PBS ID is not unique if runspersub > 1

aidanheerdegen commented 1 year ago

Terminology:

In this issue I refer to run, which means an invocation of payu run, where the model reads in restart files, runs for a period of time, writes restart and output files, which are then archived.

An experiment is a sequential series of runs.

When run_summary.py is run on an experiment it gathers data from a number of runs and uses the PBS ID is used as the primary key when storing information from each run in a python dict called run_data, e.g.

https://github.com/aekiss/run_summary/blob/master/run_summary.py#L607C38-L616

When runspersub is greater than 1 there is more than one run with the same PBS ID.

This means data is lost, if there is more than one run with the same PBS ID the data from previous runs will be overwritten by data from subsequent runs.

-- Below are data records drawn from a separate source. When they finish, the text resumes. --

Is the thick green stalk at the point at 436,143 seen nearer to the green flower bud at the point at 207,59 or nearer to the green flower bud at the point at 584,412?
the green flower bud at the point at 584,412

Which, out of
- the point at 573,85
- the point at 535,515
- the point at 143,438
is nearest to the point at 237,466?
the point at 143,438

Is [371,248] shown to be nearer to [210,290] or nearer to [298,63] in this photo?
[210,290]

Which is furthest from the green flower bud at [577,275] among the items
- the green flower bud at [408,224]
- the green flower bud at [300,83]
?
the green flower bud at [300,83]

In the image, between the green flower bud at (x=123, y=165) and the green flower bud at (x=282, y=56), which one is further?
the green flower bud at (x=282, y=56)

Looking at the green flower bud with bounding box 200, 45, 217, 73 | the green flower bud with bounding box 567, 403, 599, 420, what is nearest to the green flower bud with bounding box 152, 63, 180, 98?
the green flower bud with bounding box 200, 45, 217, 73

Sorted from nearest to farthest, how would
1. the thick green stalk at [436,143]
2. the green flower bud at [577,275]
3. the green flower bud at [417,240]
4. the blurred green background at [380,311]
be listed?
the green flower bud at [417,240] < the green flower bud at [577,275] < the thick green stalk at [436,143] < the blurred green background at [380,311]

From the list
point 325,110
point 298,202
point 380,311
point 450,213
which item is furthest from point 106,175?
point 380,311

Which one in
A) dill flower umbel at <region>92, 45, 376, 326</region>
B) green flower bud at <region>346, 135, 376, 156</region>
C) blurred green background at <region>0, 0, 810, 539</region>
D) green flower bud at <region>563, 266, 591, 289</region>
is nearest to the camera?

I believe the best fix for this is to use the git commit ID as the key for the run_data dict.

A possible downside of this is that a run with runlog: False is not supported. However this is uncommon, and as long as it is clear that this is not possible I think this is acceptable.

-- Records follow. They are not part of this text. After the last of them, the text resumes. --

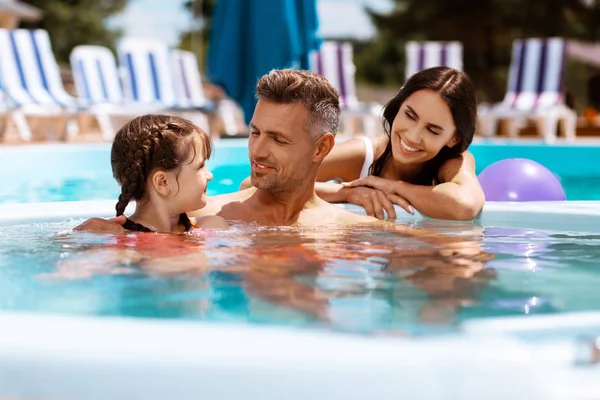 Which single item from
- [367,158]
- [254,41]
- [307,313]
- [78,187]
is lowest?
[78,187]

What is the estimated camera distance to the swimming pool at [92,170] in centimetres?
637

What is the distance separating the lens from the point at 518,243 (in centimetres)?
335

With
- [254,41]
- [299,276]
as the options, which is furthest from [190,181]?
[254,41]

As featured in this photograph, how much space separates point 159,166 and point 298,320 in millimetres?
1318

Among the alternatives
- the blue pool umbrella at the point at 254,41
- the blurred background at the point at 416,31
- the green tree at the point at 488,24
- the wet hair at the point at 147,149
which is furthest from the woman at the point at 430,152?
the green tree at the point at 488,24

Does this also address/fix https://github.com/aekiss/run_summary/issues/17?

aidanheerdegen commented 1 year ago

@utkarshgupta95 will take a look at this, but please let us know if you think I've misunderstood, or the proposed solution is unacceptable @aekiss.

aekiss commented 1 year ago

Ah, good catch @aidanheerdegen, I hadn't considered runspersub.

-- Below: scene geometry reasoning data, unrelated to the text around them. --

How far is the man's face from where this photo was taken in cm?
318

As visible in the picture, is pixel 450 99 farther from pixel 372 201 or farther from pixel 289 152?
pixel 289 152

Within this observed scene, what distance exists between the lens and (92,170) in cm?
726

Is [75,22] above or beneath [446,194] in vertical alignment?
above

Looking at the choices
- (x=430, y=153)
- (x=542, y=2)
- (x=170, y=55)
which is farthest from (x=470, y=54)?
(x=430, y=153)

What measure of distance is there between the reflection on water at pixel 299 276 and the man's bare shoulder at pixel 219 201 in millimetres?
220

I don't think the git hash is suitable, because we also want to track the failed jobs, and sometimes these are resubmissions with no git changes.

Why not just use the PBS ID concatenated with a run timestamp? IIRC it doesn't really matter what the key is, so long as it is unique.

aekiss commented 1 year ago

Ah, that won't work either - the run completion date is from the PBS log

aidanheerdegen commented 1 year ago

I don't think the git hash is suitable, because we also want to track the failed jobs, and sometimes these are resubmissions with no git changes.

Ah. Right. So brute force would be PBS ID joined to git hash, e.g. pbs_id.git_commit_hash

aekiss commented 1 year ago

I think so, as long as runlog: True. Or append PAYU_CURRENT_RUN from job.yaml - would that work?

aekiss commented 1 year ago

or is PAYU_N_RUNS what I'm thinking of? Is this a counter of runs within the submission?

aidanheerdegen commented 1 year ago

I think so, as long as runlog: True.

Yes, but I'm happy to list that as a requirement for your tool if you are.

Or append PAYU_CURRENT_RUN from job.yaml - would that work? or is PAYU_N_RUNS what I'm thinking of? Is this a counter of runs within the submission?

PAYU_CURRENT_RUN is the number of the current run, which corresponds to the numbering of the outputXXX and restartXXX directories. You're right PAYU_N_RUNS is an internal counter that can be >1 when runspersub is used.

We could append the PAYU_CURRENT_RUN to the PBS ID to make it unique for the case of runspersub > 1. For failed runs the PBS ID would be different when it was re-run, so again that would be unique.

I like the idea of using the git hash as it has more value than a run counter, and maybe also solves #17. It has the downside that it requires rung: True, but I think that is a reasonable restriction.

I am interested in your opinion @aekiss.

Also which of those is easier to code? At this point the key would have to be changed

https://github.com/aekiss/run_summary/blob/master/run_summary.py#L607-L608

Is the PAYU_CURRENT_RUN available at that point? What about the git commit hash? Would both require inspection of files to generate the key?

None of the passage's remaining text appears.